Trailer – https://www.youtube.com/watch?v=It89i3W-v4s

(Wow. Well, the first half of that trailer actually looked kind of fun. If I was around 13 years old in 1999 and saw that on television I might be excited to see it in theater (hehe … gulp). The second half looks genuinely terrible though, just kind of a mess of bad CGI mostly.)

Directors – Barry Sonnenfeld – (Known For: The Addams Family; Men in Black; Men in Black 3; Addams Family Values; Get Shorty; Big Trouble; Future BMT: R.V.: Runaway Vacation; Men in Black II; The Concierge; BMT: Wild Wild West; Nine Lives; Razzie Notes: Winner for Worst Director for Wild Wild West in 2000; Notes: Has directed for over 20 years. Recently directed ten episodes of the Series of Unfortunate Events television series.)

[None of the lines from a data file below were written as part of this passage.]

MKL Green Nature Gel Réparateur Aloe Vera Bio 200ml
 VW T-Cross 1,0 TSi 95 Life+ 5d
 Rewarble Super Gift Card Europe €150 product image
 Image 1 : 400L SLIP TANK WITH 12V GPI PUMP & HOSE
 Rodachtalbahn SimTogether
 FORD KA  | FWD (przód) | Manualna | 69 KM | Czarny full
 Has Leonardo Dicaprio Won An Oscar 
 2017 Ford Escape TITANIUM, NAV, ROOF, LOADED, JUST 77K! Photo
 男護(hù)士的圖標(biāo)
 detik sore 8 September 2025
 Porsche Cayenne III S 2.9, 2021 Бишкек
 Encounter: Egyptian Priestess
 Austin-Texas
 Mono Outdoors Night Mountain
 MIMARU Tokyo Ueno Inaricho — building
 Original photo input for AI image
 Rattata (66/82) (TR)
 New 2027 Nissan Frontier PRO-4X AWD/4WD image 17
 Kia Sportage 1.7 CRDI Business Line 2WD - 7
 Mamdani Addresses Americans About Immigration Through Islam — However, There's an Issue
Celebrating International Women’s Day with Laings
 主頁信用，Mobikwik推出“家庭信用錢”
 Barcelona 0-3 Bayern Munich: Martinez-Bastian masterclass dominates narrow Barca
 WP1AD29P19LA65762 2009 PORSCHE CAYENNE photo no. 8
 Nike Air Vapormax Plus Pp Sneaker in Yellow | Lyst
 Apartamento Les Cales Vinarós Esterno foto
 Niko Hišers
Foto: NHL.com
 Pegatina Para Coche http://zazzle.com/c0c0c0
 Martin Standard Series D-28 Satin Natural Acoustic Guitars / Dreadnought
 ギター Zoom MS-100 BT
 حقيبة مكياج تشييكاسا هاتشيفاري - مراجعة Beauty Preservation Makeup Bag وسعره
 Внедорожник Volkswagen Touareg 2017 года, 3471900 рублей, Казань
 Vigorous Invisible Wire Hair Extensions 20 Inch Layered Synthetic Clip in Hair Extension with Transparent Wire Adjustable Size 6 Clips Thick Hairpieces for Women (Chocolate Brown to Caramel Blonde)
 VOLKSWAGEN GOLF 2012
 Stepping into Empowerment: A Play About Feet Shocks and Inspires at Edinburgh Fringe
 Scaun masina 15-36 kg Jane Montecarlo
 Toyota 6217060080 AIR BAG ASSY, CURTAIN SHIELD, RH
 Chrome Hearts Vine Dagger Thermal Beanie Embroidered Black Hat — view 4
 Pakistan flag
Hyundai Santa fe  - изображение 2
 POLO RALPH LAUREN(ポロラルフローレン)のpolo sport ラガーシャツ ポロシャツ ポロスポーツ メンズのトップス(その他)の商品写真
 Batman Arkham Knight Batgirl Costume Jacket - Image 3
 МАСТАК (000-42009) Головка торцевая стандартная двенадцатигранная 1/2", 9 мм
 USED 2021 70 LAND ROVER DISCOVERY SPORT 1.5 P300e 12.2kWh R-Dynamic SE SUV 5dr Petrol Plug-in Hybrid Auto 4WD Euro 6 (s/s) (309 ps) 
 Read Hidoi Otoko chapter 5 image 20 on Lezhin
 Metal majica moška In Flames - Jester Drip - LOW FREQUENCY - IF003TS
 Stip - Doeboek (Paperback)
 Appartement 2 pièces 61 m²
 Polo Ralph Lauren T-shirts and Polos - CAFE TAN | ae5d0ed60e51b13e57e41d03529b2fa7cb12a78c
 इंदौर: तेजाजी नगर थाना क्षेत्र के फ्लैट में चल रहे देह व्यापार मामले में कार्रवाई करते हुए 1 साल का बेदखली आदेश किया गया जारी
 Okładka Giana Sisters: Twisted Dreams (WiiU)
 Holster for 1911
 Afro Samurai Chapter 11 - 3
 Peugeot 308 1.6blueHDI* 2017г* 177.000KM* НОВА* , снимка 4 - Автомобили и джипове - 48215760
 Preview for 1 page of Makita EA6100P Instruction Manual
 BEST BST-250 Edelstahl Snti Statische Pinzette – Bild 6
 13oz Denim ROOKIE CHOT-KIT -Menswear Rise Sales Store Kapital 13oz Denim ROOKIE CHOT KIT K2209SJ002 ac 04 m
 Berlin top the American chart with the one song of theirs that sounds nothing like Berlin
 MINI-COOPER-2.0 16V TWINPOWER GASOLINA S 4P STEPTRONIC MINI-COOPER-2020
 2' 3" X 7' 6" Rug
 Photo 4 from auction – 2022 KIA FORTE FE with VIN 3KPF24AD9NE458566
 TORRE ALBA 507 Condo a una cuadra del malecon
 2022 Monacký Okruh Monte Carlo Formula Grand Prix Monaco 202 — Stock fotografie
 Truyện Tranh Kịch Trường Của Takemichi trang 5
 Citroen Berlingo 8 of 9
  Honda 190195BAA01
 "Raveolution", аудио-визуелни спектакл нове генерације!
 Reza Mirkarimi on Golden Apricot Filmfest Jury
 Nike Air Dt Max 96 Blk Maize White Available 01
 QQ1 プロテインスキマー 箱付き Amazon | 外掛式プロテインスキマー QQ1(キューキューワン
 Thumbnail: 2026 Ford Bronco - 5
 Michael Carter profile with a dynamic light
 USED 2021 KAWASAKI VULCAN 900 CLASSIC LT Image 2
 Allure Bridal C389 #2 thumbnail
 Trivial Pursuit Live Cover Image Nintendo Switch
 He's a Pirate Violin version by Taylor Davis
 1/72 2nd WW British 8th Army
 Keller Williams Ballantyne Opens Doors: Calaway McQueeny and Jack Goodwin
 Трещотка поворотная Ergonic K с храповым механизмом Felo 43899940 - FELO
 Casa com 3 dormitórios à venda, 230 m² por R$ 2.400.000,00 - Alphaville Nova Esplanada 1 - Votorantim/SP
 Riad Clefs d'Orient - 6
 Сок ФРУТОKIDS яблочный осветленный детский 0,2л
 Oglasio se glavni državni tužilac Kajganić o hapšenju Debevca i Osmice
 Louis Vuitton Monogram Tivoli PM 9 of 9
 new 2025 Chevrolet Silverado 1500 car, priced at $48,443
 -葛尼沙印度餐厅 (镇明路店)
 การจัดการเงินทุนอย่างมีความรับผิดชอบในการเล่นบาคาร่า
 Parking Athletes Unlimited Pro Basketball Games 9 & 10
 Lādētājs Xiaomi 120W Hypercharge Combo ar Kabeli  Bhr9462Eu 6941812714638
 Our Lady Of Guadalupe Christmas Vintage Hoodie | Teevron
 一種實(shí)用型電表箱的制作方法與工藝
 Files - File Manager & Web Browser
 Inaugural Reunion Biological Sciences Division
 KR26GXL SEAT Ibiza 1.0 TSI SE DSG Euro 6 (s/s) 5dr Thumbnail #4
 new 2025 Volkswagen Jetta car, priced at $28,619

Writers – Jim Thomas and John Thomas (story) – (Known For: Predator; Predators; Executive Decision; Future BMT: Mission to Mars; Predator 2; BMT: AVPR: Aliens vs Predator – Requiem; Wild Wild West; AVP: Alien vs. Predator; Behind Enemy Lines; Razzie Notes: Winner for Worst Screenplay for Wild Wild West in 2000; Notes: They haven’t done much credited work, mainly they get story credits for the various Predator adaptations and sequels. Jim Thomas did an article in Empire looking back at Predator though, so they are still kicking around it seems.)

S.S. Wilson and Brent Maddock (screenplay) – (Known For: Tremors; Short Circuit; *batteries not included; Heart and Souls; Future BMT: Ghost Dad; Short Circuit 2; BMT: Wild Wild West; Razzie Notes: Winner for Worst Screenplay for Wild Wild West in 2000; Notes: Claimed their original script was more serious and tried to get their names taken off of the credits. Helped found Stampede Entertainment which made the first four films in the Tremors franchise.)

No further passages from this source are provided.